Wednesday 16 September 2009

Put our money where our brain is, not our mouth.

A former head of the U.S. Department of Homeland Security calls it "regrettable" that Canada plans to withdraw from the conflict in Afghanistan.

He is certainly entitled to his opinion, and the following is undoubtedly true:

Chertoff believes the challenge of this century is "ungoverned space," where there is no government that can maintain order. Those areas of the world can give terrorists room to thrive, he said.

This is the part that I take issue with, not the concept, but the scale and the execution:

"It would be very short-sighted to stint on the investment now and face the consequences in five years," he said. "So I think President Obama is dead-right in what he is doing."

I read something a few days ago about U.S. Special Forces troops sweeping into Mogadishu with helicopters, hitting a specific target, killing him, and extracting with no losses; it's like "Blackhawk Down" except that it worked. The key phrase in the article was "specific intelligence" and THAT is where the investment that Mr Chertoff talks about should be made.
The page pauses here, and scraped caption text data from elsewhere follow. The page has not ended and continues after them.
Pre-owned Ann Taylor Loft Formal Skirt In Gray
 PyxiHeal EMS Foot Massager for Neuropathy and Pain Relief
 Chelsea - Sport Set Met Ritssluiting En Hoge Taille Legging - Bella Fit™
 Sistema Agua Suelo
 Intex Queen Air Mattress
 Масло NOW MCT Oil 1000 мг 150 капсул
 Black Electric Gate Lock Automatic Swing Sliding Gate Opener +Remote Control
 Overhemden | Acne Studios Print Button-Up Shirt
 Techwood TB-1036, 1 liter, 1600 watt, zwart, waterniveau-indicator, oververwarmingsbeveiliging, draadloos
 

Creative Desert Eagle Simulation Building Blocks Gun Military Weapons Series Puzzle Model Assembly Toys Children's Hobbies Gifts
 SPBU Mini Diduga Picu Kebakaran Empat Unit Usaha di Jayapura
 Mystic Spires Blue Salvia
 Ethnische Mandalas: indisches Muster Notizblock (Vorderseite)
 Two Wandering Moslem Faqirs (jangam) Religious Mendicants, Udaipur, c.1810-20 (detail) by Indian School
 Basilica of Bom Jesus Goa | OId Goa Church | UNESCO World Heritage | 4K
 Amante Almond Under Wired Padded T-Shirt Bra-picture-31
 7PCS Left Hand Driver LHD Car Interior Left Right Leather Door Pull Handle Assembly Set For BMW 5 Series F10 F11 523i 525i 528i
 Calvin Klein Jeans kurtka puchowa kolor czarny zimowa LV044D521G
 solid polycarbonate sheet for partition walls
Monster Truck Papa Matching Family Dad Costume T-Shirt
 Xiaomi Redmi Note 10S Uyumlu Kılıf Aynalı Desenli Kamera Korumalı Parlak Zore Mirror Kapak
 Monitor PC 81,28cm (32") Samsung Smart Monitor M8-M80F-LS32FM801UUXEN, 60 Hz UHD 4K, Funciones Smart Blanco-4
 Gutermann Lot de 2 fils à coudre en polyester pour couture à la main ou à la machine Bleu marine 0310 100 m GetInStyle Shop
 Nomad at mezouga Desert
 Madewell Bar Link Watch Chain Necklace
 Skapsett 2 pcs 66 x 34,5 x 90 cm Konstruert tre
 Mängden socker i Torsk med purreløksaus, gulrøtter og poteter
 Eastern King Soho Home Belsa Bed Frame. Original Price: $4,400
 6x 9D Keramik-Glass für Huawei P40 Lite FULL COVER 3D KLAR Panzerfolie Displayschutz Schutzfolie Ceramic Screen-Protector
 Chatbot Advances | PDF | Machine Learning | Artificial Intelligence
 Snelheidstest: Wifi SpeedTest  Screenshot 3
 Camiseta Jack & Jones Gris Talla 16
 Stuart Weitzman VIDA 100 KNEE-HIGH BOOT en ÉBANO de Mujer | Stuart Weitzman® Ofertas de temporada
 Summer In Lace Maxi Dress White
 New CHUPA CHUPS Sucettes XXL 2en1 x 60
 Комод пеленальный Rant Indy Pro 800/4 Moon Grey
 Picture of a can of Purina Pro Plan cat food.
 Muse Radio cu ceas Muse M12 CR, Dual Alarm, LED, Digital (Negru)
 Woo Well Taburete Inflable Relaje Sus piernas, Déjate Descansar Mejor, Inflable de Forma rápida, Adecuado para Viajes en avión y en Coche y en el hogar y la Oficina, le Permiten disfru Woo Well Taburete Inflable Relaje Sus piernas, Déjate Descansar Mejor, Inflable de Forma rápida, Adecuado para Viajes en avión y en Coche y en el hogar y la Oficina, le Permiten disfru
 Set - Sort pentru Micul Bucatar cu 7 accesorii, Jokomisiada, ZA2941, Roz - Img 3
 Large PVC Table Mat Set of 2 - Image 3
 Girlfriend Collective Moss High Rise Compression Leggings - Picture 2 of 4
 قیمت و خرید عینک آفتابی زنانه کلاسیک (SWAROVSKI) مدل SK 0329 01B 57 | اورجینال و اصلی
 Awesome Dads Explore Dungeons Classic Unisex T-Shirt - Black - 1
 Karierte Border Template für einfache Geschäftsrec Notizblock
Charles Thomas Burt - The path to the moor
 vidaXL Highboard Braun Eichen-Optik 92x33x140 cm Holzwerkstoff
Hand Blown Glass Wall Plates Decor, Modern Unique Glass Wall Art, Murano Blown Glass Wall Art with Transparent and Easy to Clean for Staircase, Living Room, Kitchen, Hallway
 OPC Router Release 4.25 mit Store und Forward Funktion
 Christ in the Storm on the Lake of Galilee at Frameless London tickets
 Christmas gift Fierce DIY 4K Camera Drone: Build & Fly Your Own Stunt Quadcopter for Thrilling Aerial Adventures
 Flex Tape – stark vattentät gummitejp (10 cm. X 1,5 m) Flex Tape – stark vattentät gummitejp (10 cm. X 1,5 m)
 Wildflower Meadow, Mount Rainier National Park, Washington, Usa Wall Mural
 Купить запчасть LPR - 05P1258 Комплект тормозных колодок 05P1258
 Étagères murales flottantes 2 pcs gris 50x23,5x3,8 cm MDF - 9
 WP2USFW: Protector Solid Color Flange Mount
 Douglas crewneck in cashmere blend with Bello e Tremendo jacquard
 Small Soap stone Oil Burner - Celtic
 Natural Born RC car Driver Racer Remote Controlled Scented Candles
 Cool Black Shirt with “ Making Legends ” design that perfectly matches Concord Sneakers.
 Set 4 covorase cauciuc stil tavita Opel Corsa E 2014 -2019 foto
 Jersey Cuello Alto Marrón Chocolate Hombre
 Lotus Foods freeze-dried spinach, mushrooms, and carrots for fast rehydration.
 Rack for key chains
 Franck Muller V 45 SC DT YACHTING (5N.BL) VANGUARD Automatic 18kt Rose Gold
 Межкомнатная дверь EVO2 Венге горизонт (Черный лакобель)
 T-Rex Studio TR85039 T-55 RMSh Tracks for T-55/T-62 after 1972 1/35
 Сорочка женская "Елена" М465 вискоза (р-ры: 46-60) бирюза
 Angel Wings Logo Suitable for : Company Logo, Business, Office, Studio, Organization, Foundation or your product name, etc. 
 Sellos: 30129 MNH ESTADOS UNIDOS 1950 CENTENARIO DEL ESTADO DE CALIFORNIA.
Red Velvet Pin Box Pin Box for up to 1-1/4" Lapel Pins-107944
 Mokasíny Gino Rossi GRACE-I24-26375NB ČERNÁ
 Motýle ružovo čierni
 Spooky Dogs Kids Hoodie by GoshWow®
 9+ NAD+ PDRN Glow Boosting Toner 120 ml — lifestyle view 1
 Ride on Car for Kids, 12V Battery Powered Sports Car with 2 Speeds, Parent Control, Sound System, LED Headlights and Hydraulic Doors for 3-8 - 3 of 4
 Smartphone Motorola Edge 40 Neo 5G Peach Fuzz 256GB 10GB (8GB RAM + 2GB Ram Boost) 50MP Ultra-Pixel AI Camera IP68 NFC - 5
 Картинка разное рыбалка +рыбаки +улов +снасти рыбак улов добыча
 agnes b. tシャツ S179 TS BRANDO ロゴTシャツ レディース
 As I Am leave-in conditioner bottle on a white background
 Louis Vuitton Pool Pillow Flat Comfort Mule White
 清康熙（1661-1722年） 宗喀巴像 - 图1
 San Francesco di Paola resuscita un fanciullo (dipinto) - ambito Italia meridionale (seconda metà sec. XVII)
If the place is ungovernable, who are we to think that we can make it so? Even empires had a hell of a time subjugating barbarians; beating them in the field, sure, conquering the place, sure, but holding it? Iraq might have worked if the Yanks had just decapitated the leadership, but I've made that argument before. Superimposing government can work, but building one in a vacuum? Ask another question, what is the Aim?

Yes, "Selection and Maintenance of the Aim" is the foremost of most Principals of Warfare that you will find, although the exact terms will vary. End state is what? Terrorists have no safe havens to attack us from with impunity? I can think of a lot cheaper (in blood and treasure) ways to achieve that than bogging ourselves down and making us the fixed target as we wallow about trying to rebuild a failed state.

The people who live in these places have more pressing motivation than we do for their countries to function, and if THEY can't make it work that doesn't augur well for us to do so. Cynical for damned sure, but I'm still waiting for someone to prove me wrong.